Just a thought Renee but have you thought about trimming her yourself? If you do like her shorter then it may be easier than you think if you get some good quality trimmers and may be go on a day pet grooming course? I have been trimming George over the last two weeks for the first time as I keep hearing the horror stories about groomers. I know it has taken me a while but almost done, have sed a friends trimmer (will by myself a qality one) and scissors, will try and post before and after pictures when I learn how. OH even say's that George does not need to go to the groomers with Harry(cairn) as I have not done a bad job! The joy with cockapoos is that small mistakes do not show up much. Even my friend let me have a go on her cairn, but not so easy as any mistake shows up, at the moment he has had only 3 legs trimmed not a good. look


----------



## lady amanda (Nov 26, 2010)

REene, if you want to borrow some clippers, I would lend you mine if you want. and if you happen to find a one day course, I would totally go too..I just cant seem to find any.


----------



## dio.ren (Jan 18, 2013)

Well grooming her myself would be great but even if I did take a course she would probably end up bald or missing an eye or something. I have a hard enough time just brushing her She is so freaky washing her face is a big ordeal for her. So I guess not an option for me.

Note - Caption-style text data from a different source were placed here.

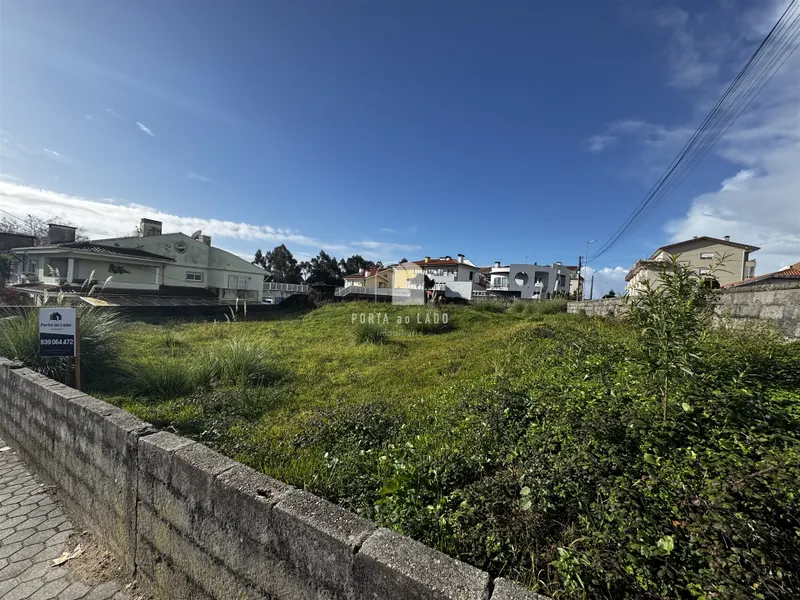 Oportunidade Única em Perosinho — 2 Lotes para Construção de Moradias Geminadas 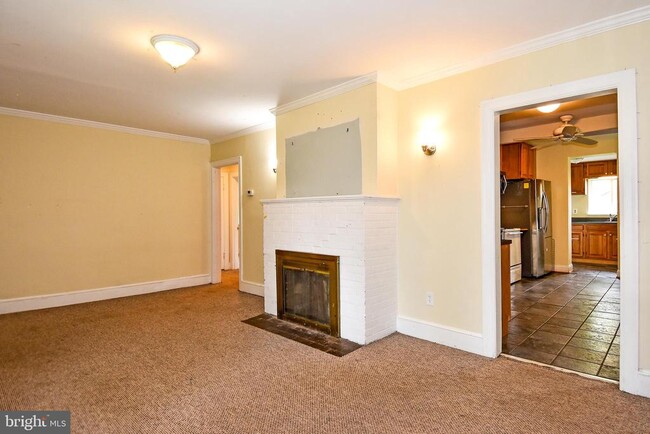 Building Photo - 2905 Boswell Ave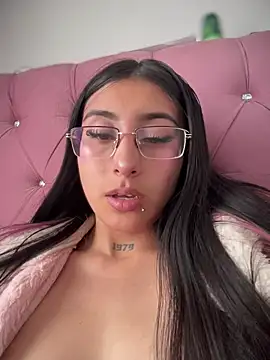 Violeet-Smith online show from March 16, 2026, 6:45 pm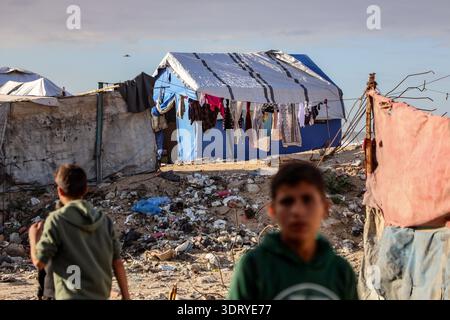Gaza. 19 febbraio 2026. Bambini palestinesi sono visti vicino alle tende per sfollati nella parte occidentale di Gaza City, il 19 febbraio 2026. Giovedì l'Agenzia delle Nazioni Unite per il soccorso e l'occupazione dei rifugiati palestinesi nel vicino Oriente ha avvertito che la situazione umanitaria nella Striscia di Gaza è "terribile”, dato che continuano a essere restrizioni all'accesso agli aiuti. Crediti: Rizek Abdeljawad/Xinhua/Alamy Live News Foto Stock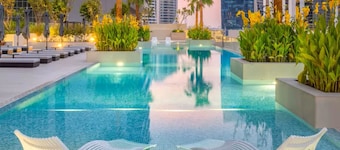 Vogue | Sterling Downtown near Dubai Mall | Burj Khalifa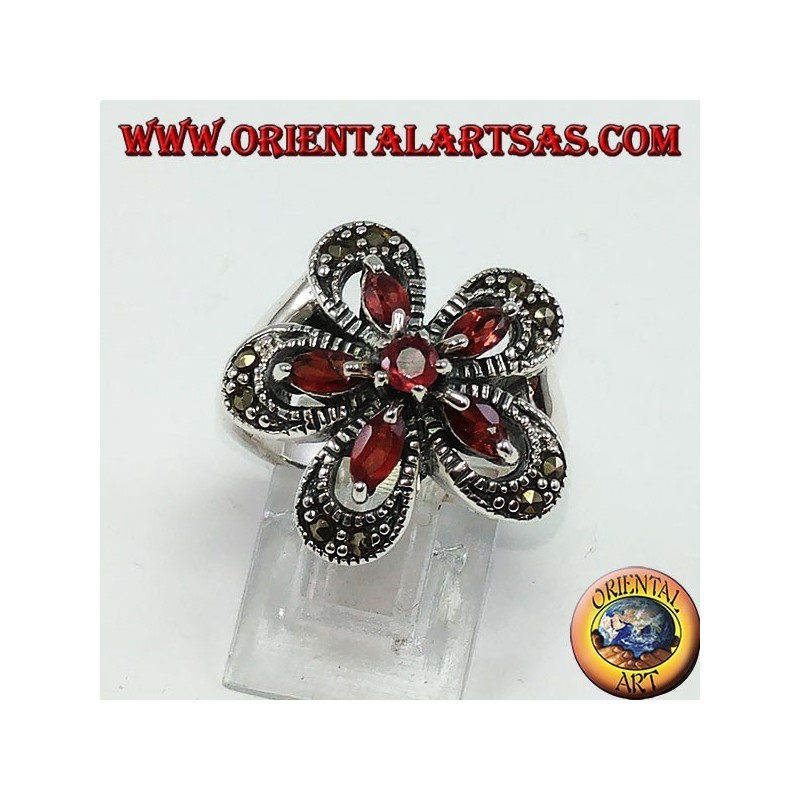 Silver ring in the shape of a flower with 5 shuttle garnets and a central round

All I want to know is if their hair grows faster as they get older?? Now that she is 9 months and a bit maybe she has her adult coat but I am not sure? Last time it just didn't grow as fast for some reason We just might have to go for the Lady look the debate is still on about that one


----------



## lady amanda (Nov 26, 2010)

I dont think so...Lady goes from Bald to Fluffy Mop in about 6 months


----------



## dmgalley (Aug 19, 2012)

dio.ren said:


> I think Donna had said they used a 4 on Jake and the groomer said his fur seemed thicker and because of her build that it would be too short on her so I have no clue what she used all I know is that her fur has grown a lot in 3 weeks I love lady's new look she looks like a teddy bear  Won't show this to Christine I wan't her shorter but not too short I like her perm head


I also found out that the combs are number different in the U.S. they are opposite. 
my four is 1/4 and i have been using 3/8 on him cause i am growing him longer. 

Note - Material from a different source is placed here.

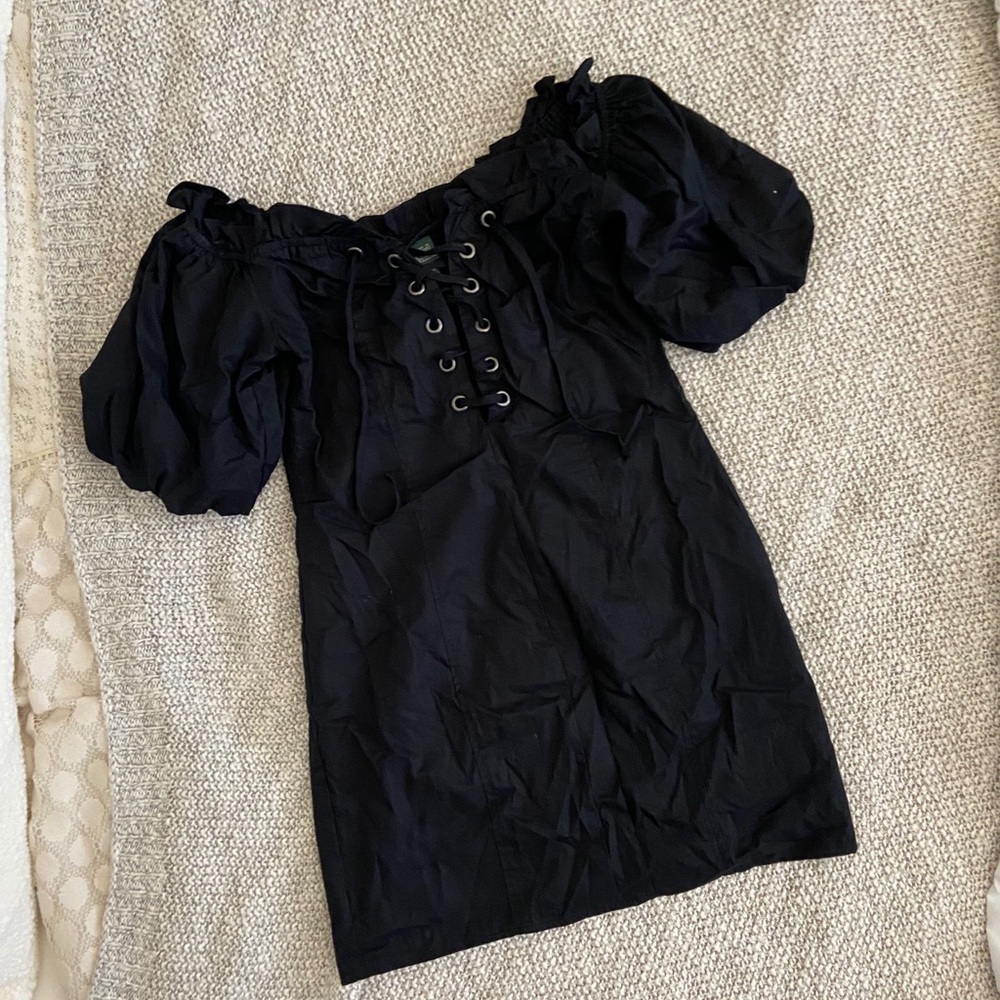 WILD FABLE OFF SHOULDER DRESS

Sent from my SGH-T989 using Tapatalk 2


----------



## dmgalley (Aug 19, 2012)

Willows hair seems to be growing like a weed all of a sudden too. Hubby and I were just talking about that last night. She went weeks with nothing and then suddenly she is over grown. I wonder is it a growth spurt thing. 
The first one is the day off her spay a week ago. Suddenly she us a mop. 
Sent from my SGH-T989 using Tapatalk 2


----------



## dio.ren (Jan 18, 2013)

Wow that is a big difference..........maybe some poo's grow faster or maybe they are like chia pets ha! If you water them they grow extra I just don't understand how she was short and then boom her fur is long.....3 weeks. I think maybe it's because her puppy fur is gone and this is her adult coat?? Maybe Kendal can shed some light on this she seems to know a lot!


----------



## Marzi (Sep 17, 2012)

Mop or not Willow is gorgeous.
Short or shorter Molly is such a cutie.
You guys are so lucky to have such stunning girls.


----------